Es ist ein mystisches Erlebnis, dem Wein im Keller beim Gären zuzuhören. Jetzt hat es wieder Saison: Das helltönige Blubbern hat etwas Medidatives, die beruhigende Überzeugung: Hier reift Großes heran.

In Bild und Ton aktuell aufgenommen im neuen Gärkeller von Heidi & Andi Kollwentz in Großhöflein bei Eisenstadt. Am Rande der Jahrgangspräsentation übrigens. Mit hervorragenden Weinen von Ausnahme-Winzer Andi Kollwentz, der seinen Weinen traditionell Zeit gibt.

2018 ist der aktuelle Jahrgang bei seinen Chardonnays aus den Rieden Neusatz, Katterstein, Tatschler und Gloria. Es gibt wohl kaum einen Winzer, der Chardonnay aus vier großartigen Rieden sein Eigen nennen kann. Bald werden es fünf sein, wenn die Ried Spiegeln mit ihrer Jungfernlese im nächsten Jahr dazu kommt.

Diese cremige Fülligkeit, die feinen Fruchtnuancen, die engmaschige Struktur, der perfekte – ja, unerreicht perfekte – Barrique-Einsatz mit soviel Fingerspitzengefühl, die Dichte, Länge und Saftigkeit: das macht dem Andi Kollwentz wohl niemand so schnell nach. Es ist eine wahre Freude, die Terroirs der einzelnen Rieden zu schmecken: da Gloria und Tatschler mit ihrer Fülle und dem feinen Holzeinsatz, dort der straffere Neusatz und schließlich der extrem burgundische Katterstein mit seiner salzigen Mineralität.

Aus dem Jahrgang 2020 dürfen sich Kenner wieder auf den Sauvignon Blanc Steinmühle Methusalemreben freuen, gekeltert eben von besonders alten Rebstöcken, eine Selektion aus der Ried Steinmühle, die zuverlässig beste Sauvignon Blancs liefert.

Die Geschichte der Rieden des Weinguts reicht übrigens bis zu 450 (!) Jahre zurück.
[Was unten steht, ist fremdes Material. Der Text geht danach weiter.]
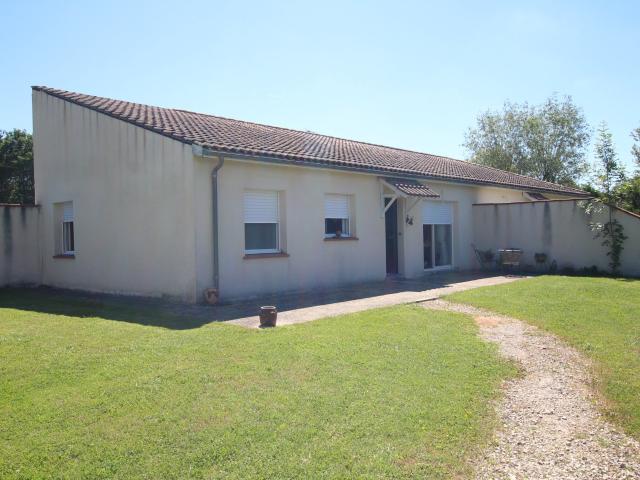 Maison 12 pièces 360 m²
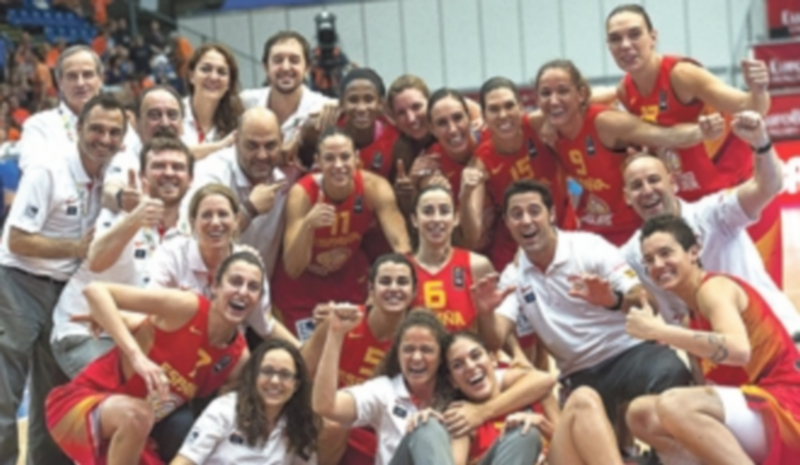 Las jugadores de la Selección celebran con el cuerpo técnico la victoria ante Bielorrusia para lograr la séptima medalla en los ocho últimos Eurobaskets. / EFE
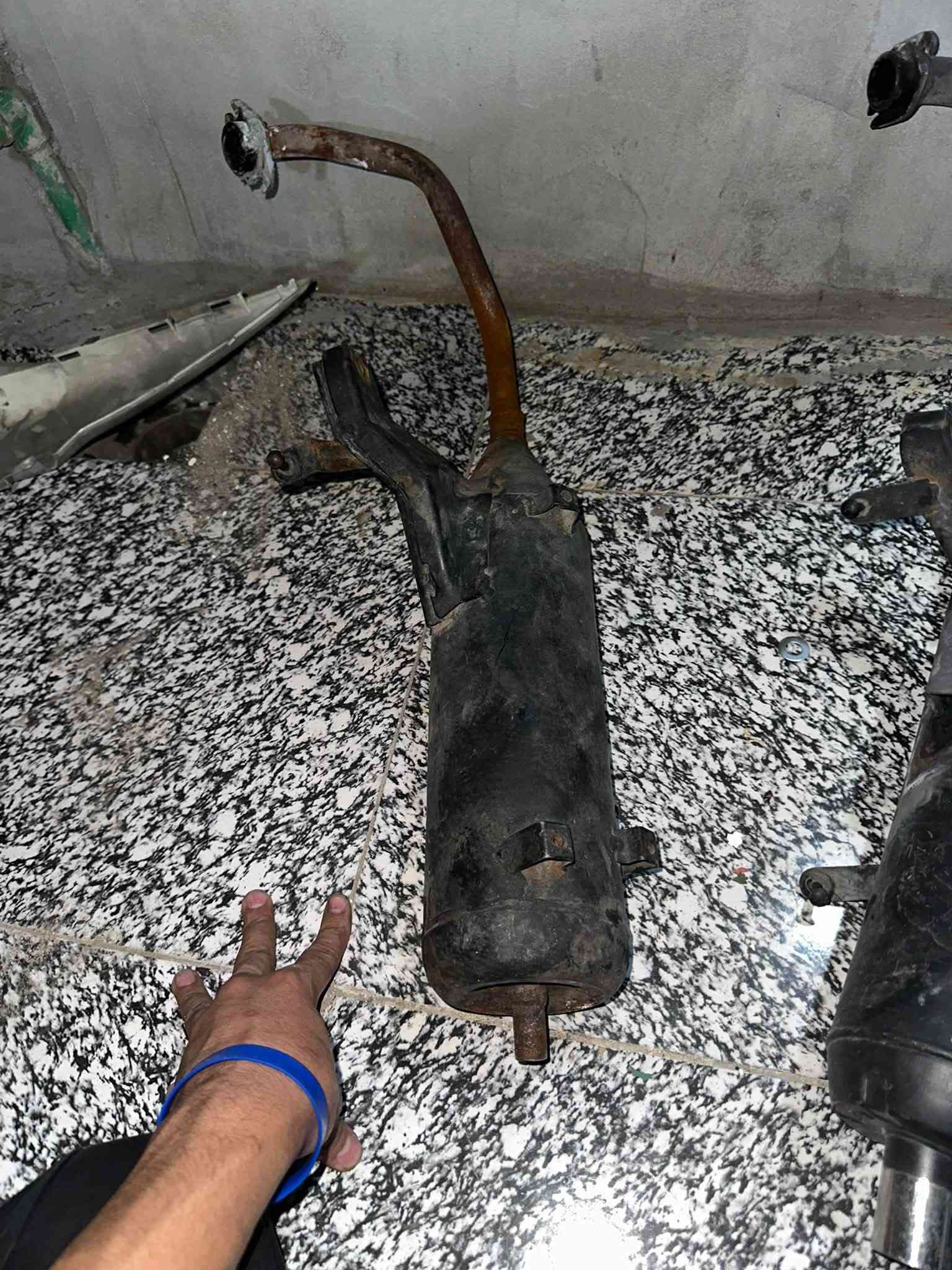 سلام عليكم شباب غراض ماكس للبيع اسعار مناسبه وسعار ثابته شباب بدون مداهر وبدون زعل
1ويلات ماكس قجمه امامي هنا وتايرت التك عل15
2كزوز اف ام ب15 
3كزوز كاتم ب15
4كابريته ماكس باله شغال ب15 الوحده 
5كفر قجمه سمائي كامل ب25
6سكان قجمه حربي ب10
7بطاله سوبر ب10
المكان بصره قبله ***********
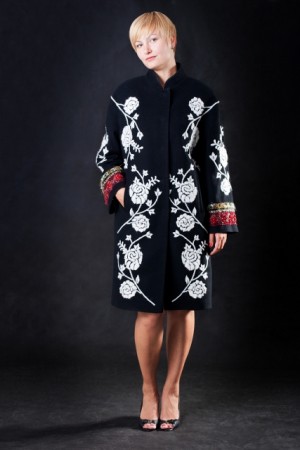 Шерстяное пальто с ручной вышивкой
In einzelnen Rieden ist der Weinbau bis zu 2800 Jahre zurück nachweisbar. Fast alle Weine im Sortiment von Kollwentz sind Riedenweine. Die Weinpyramide wird hier auf den Kopf gestellt: oben ein breites Spektrum an Spitzenweinen, darunter ein schlanker, solider Mittelbau und an der Basis eine zarte Spitze zum Einstieg, die etwa der auch sehr gute Rosé bildet.

Die rote Phalanx des Hauses Kollwentz ist ohnehin eine Klasse für sich. Das beginnt schon bei den Leithaberg-Ausgaben von Zweigelt und Blaufränkisch, reicht über die Cuvée Eichkogel (BF/ZW – 70:30), die es längst zum Klassiker gebracht hat, bis zum hervorragend dichten, saftigen Pinot Noir aus der Ried Dürr. Dazu kommt der wunderbar ausgereifte, endlos lange Cabernet Sauvignon, dessen Wegbereiter in Österreich Anton Kollwentz (80) war, Andis Vater und Vinaria Lebenswerk-Preisträger.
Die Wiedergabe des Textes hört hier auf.